## TASK REQUIREMENTS:
When you transcribe the entries below, begin at their first line and stop after the line containing "cccmalie（シーマリー）の古着「フリルTシャツ」｜ブラック"; pictures stay out.
________________________
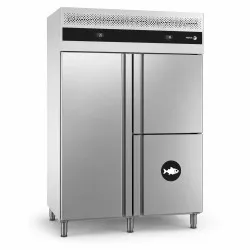 Ledusskapis, ar nodalījumu zivīm GN 2/1 1301L CUD-23G/F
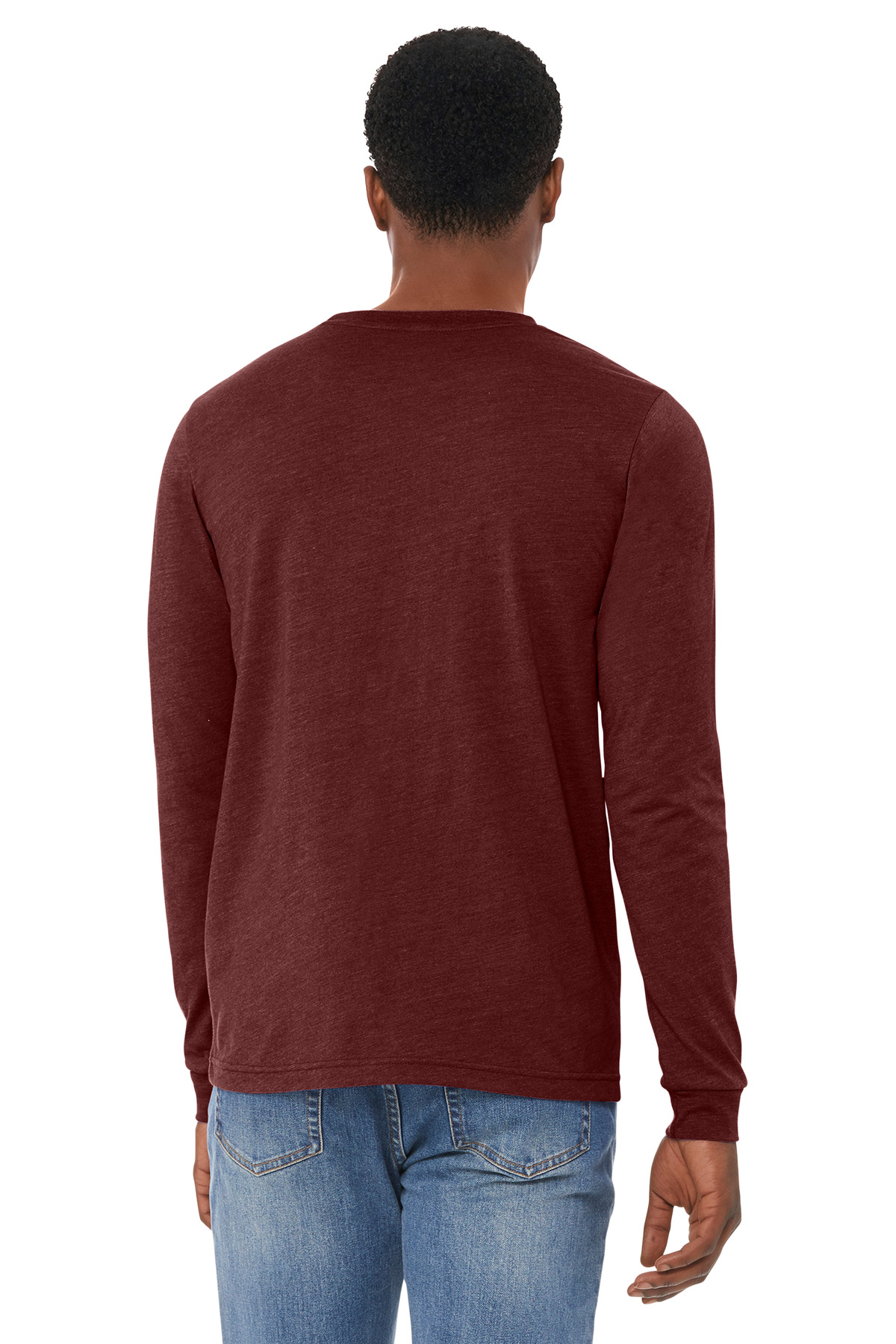 BELLA+CANVAS Unisex Heather CVC Long Sleeve Tee BC3501CVC 6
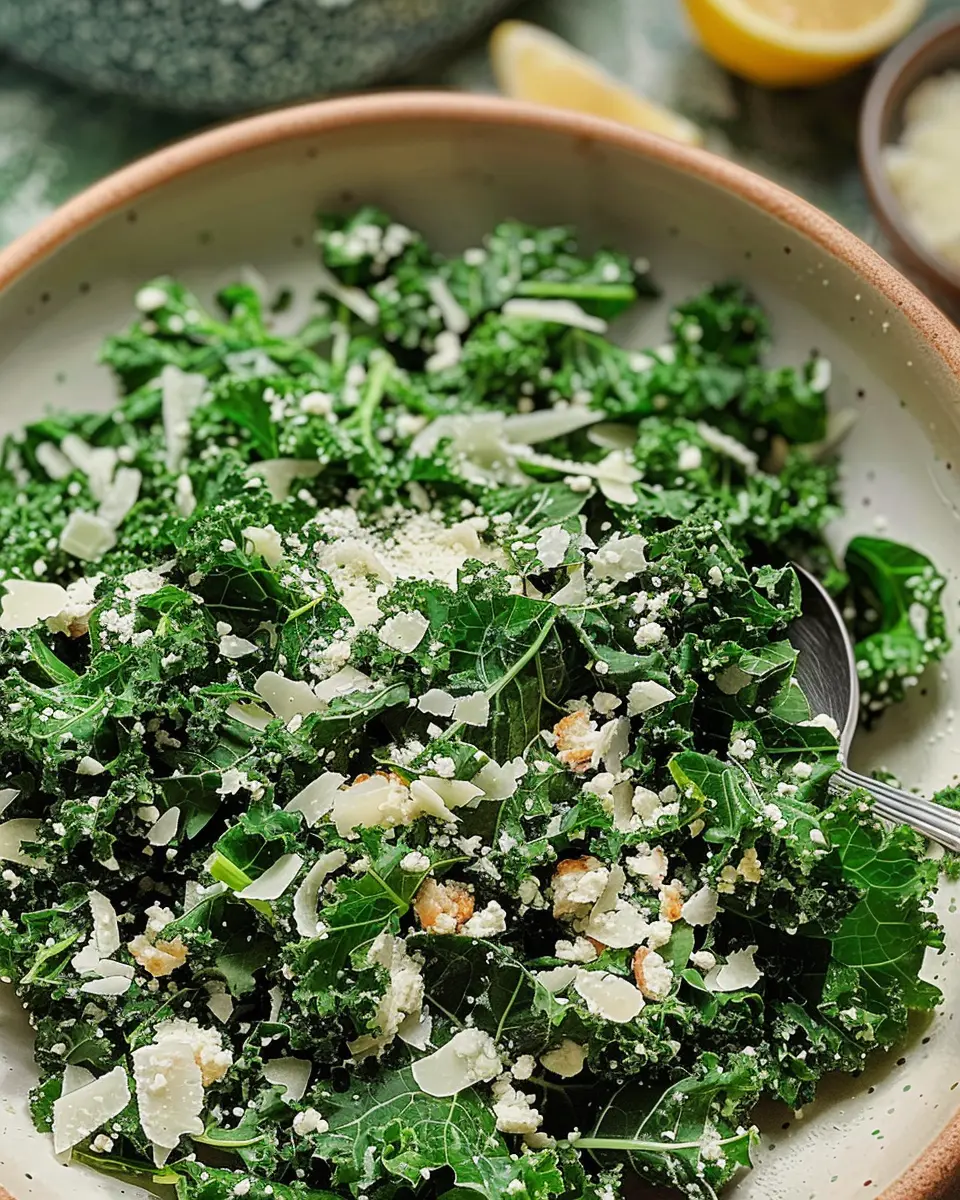 Lemony Parmesan Kale Salad: The Best Fresh Twist for Dinner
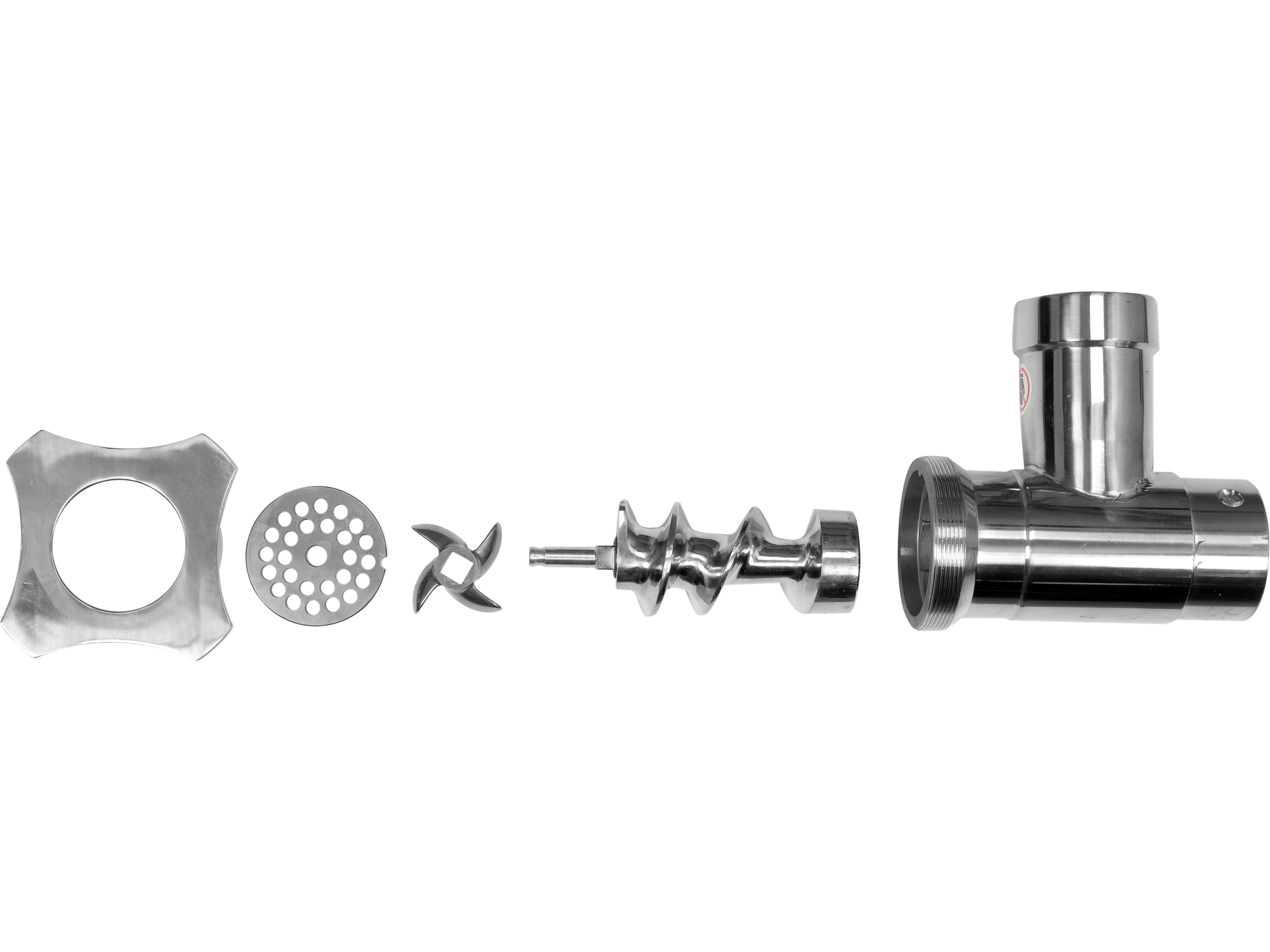 Meat mincer head for tenderizer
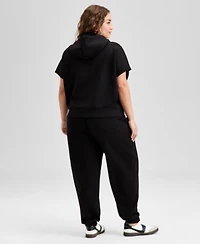 Now This Trendy Plus Size Cap Sleeve Scuba Knit Hoodie Jogger Pants Exclusively At Macys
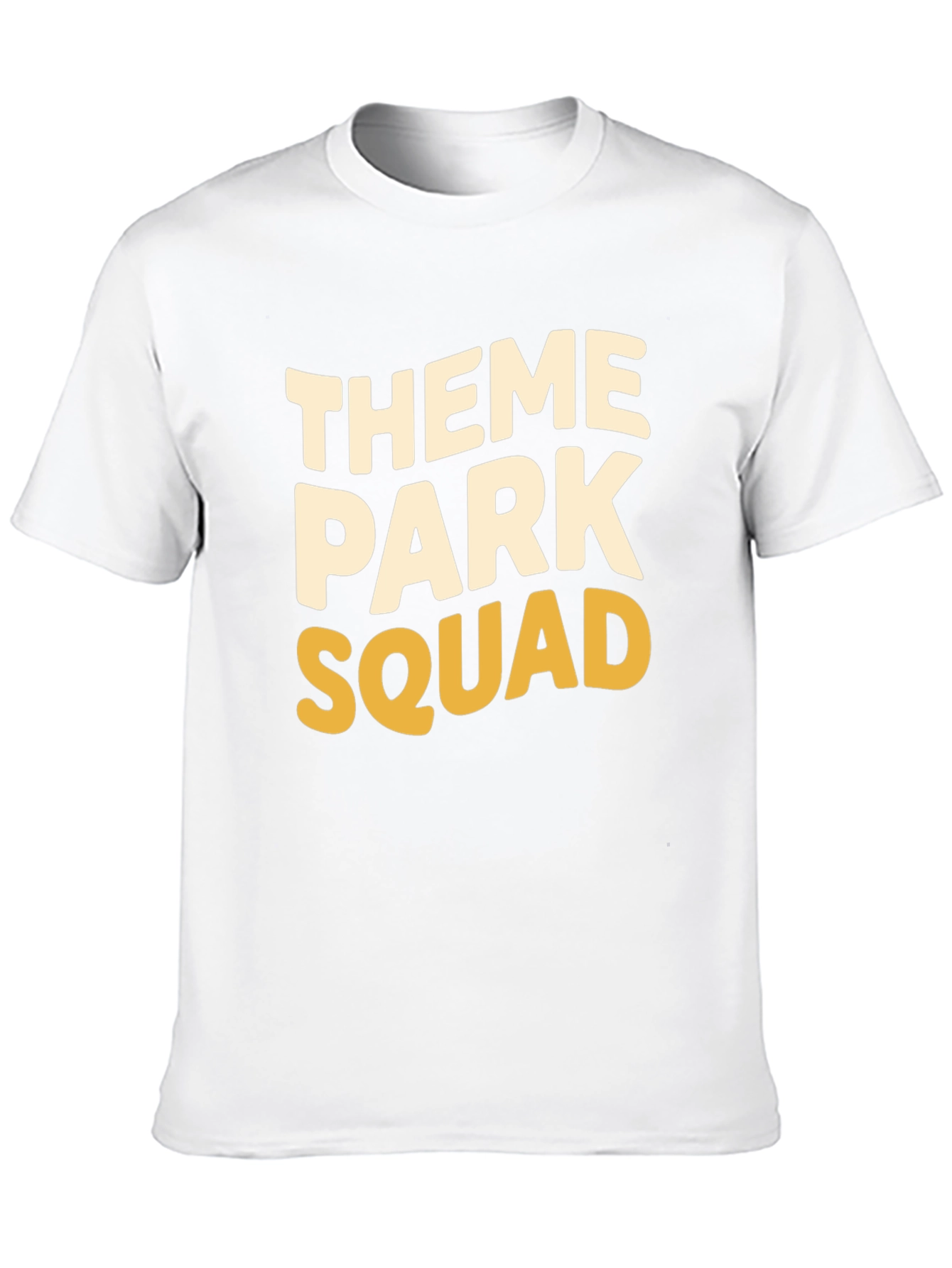 Theme Park Squad T-Shirt - Comfortable Black Tee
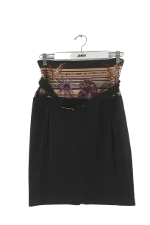 Black Fabric Roberto Cavalli Skirts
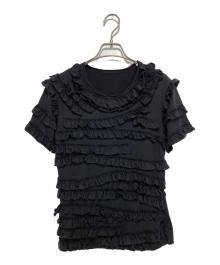 cccmalie（シーマリー）の古着「フリルTシャツ」｜ブラック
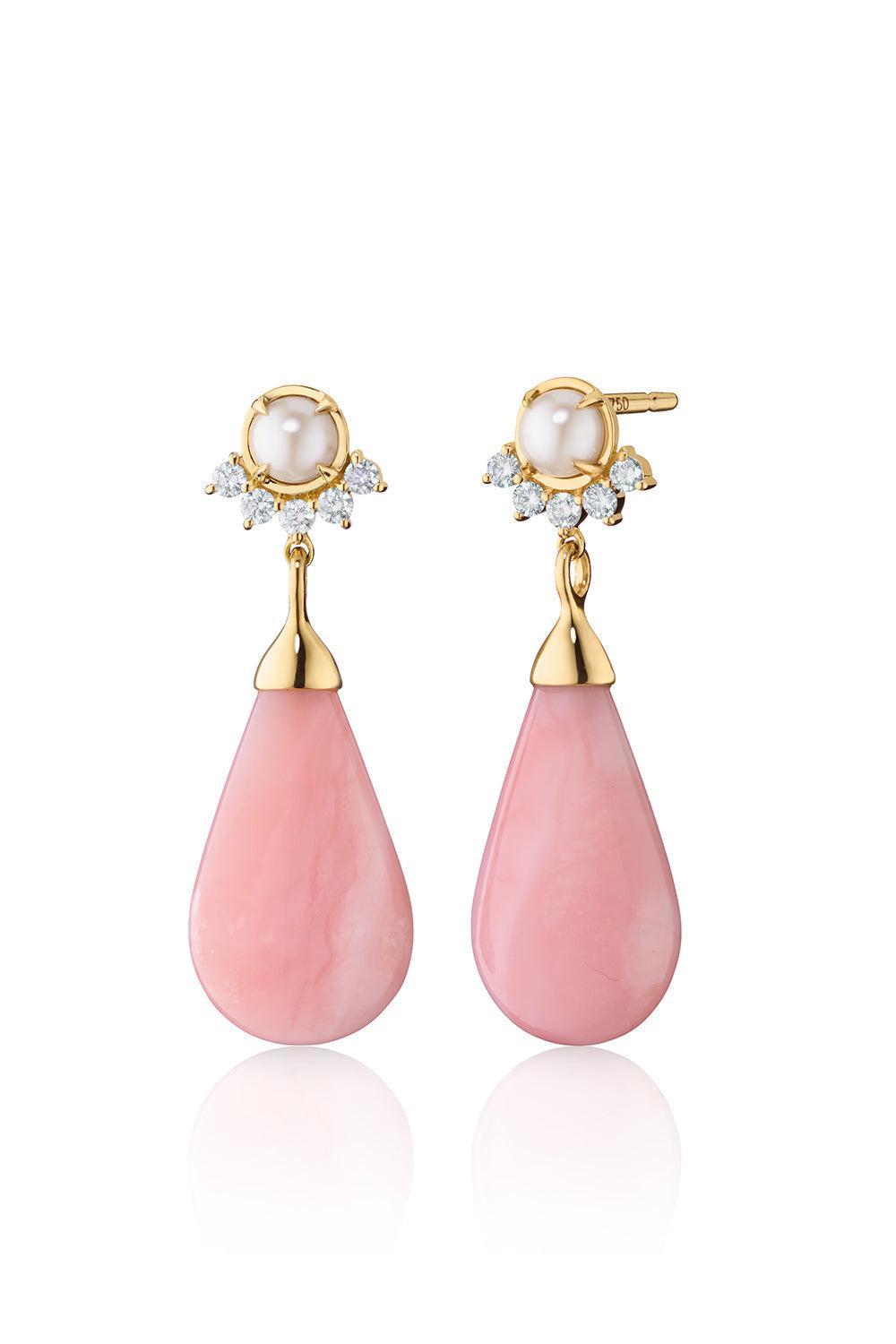 “Moonrise” Drop Earrings-YELLOW GOLD-JEWELRYFINE JEWELEARRING-MONICA RICH KOSANN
________________________
## ANSWER:
 Ledusskapis, ar nodalījumu zivīm GN 2/1 1301L CUD-23G/F
 BELLA+CANVAS Unisex Heather CVC Long Sleeve Tee BC3501CVC 6
 Lemony Parmesan Kale Salad: The Best Fresh Twist for Dinner
 Meat mincer head for tenderizer
 Now This Trendy Plus Size Cap Sleeve Scuba Knit Hoodie Jogger Pants Exclusively At Macys
 Theme Park Squad T-Shirt - Comfortable Black Tee
 Black Fabric Roberto Cavalli Skirts
 cccmalie（シーマリー）の古着「フリルTシャツ」｜ブラック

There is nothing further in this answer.